**Problem description:** Output every line below exactly, please, omitting pictures.

■ ■ ■ ■ ■ ■ ■

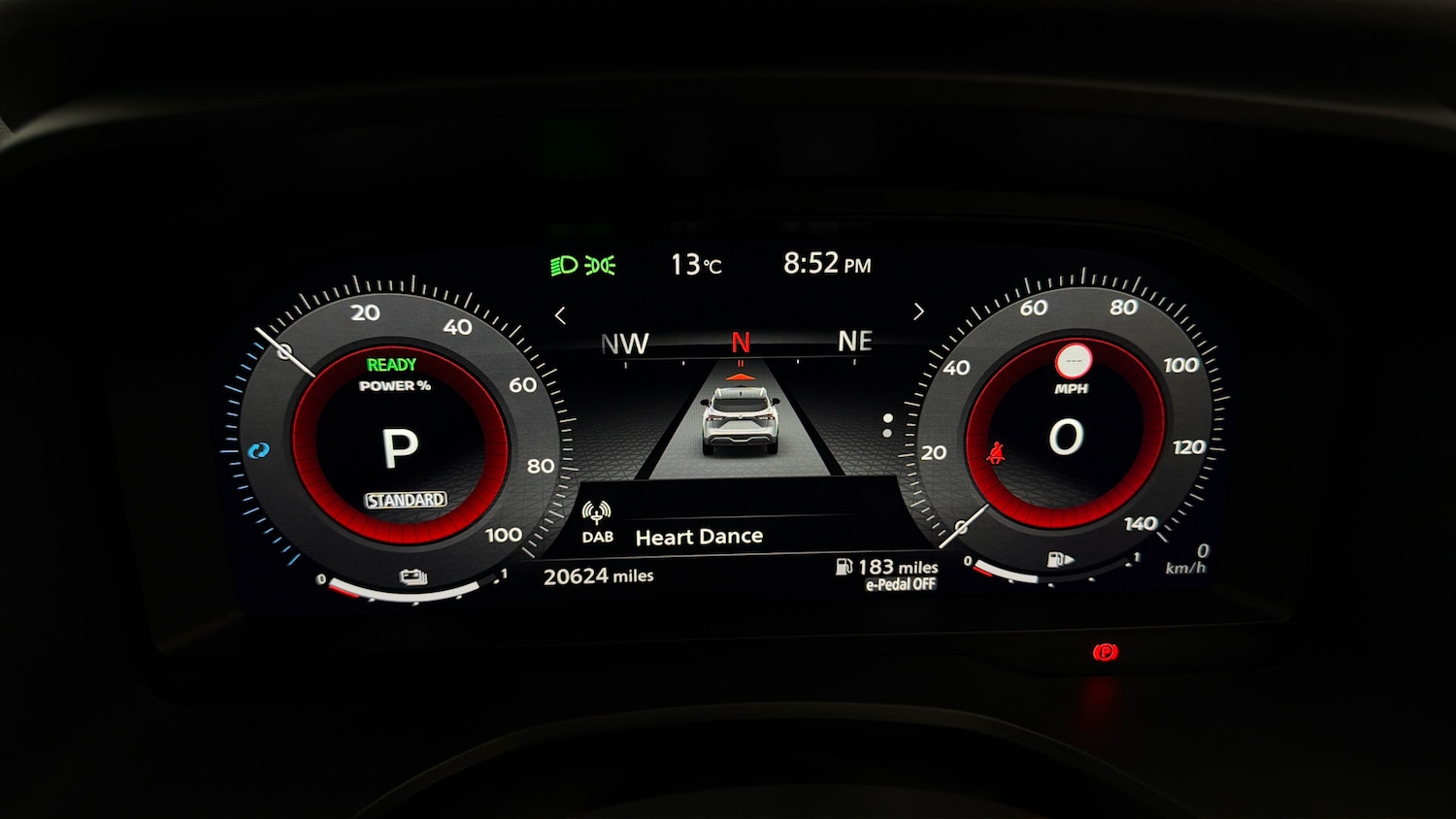 Used Nissan Qashqai 2023 for sale - 77937667: Photo 24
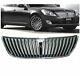 New 2014-2015 Hyundai Equus Front Grille Withfront Camera Hole Genuine Part Oem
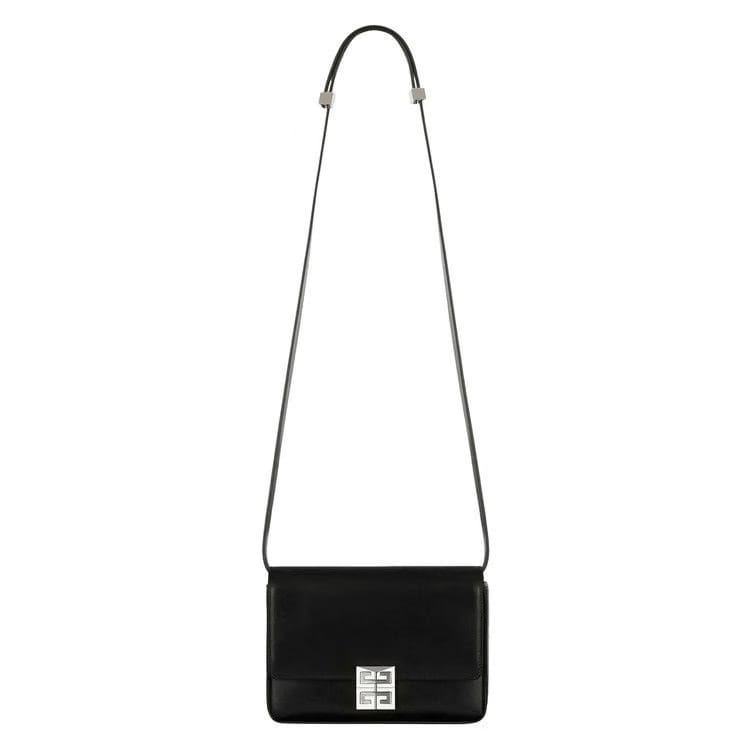 Givenchy Medium 4G Bag In Box Black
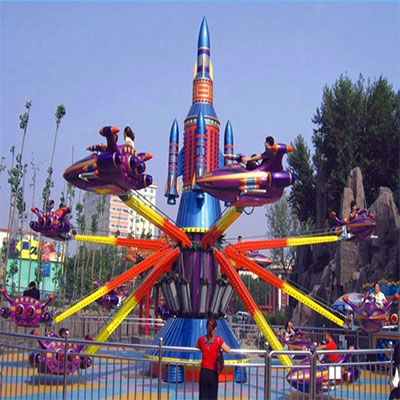LMRO1009 Self-control Plane Rides B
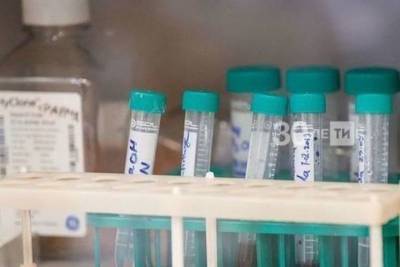 В Татарстане первыми на антитела к COVID проверят врачей и учителей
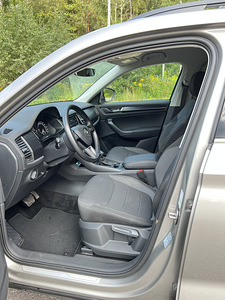 Продается Skoda Kodiaq Ambition 4*4 (8 фото из 15)
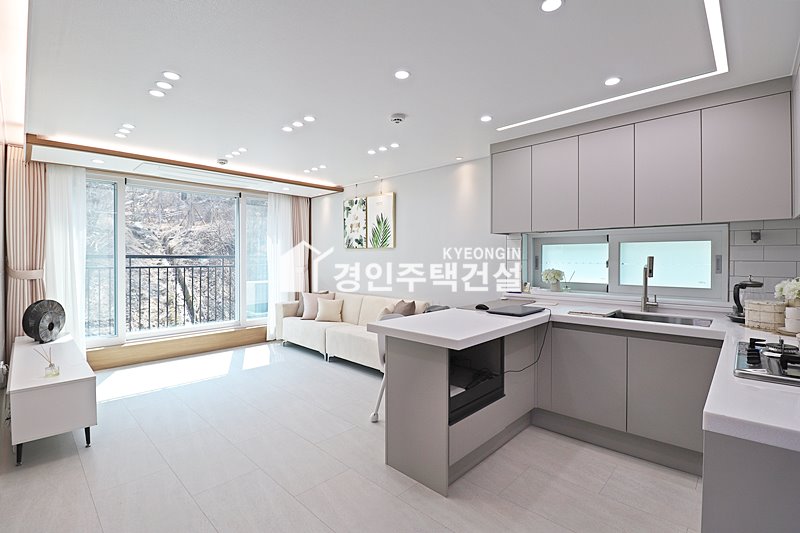 경기 안산상록구 일동 서원빌 [ 2룸 . 3룸 . 4룸 . 단독세대 Type ] 분양 매물번호 15994 사진 1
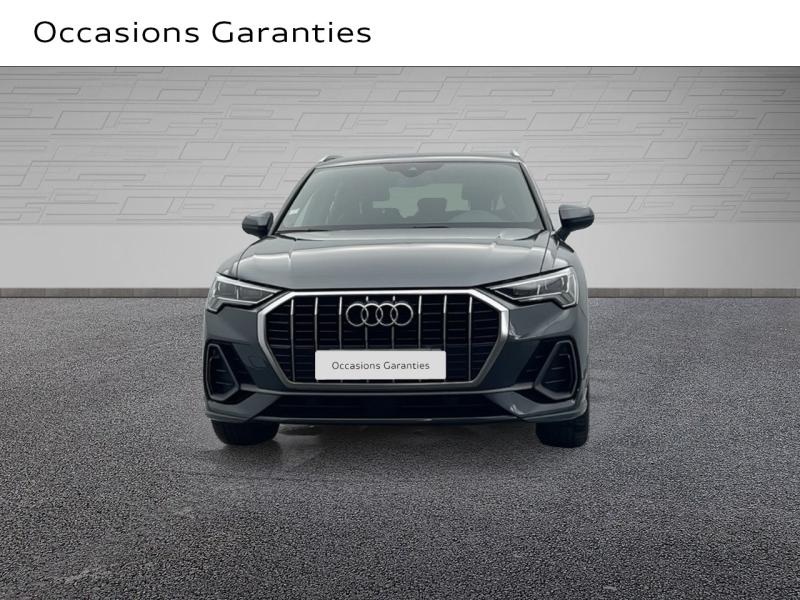 Voitures occasions Audi Q3 S line Orvault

■ ■ ■ ■ ■ ■ ■

**Response to the exercise:**
 Used Nissan Qashqai 2023 for sale - 77937667: Photo 24
 New 2014-2015 Hyundai Equus Front Grille Withfront Camera Hole Genuine Part Oem
 Givenchy Medium 4G Bag In Box Black
LMRO1009 Self-control Plane Rides B
 В Татарстане первыми на антитела к COVID проверят врачей и учителей
 Продается Skoda Kodiaq Ambition 4*4 (8 фото из 15)
 경기 안산상록구 일동 서원빌 [ 2룸 . 3룸 . 4룸 . 단독세대 Type ] 분양 매물번호 15994 사진 1
 Voitures occasions Audi Q3 S line Orvault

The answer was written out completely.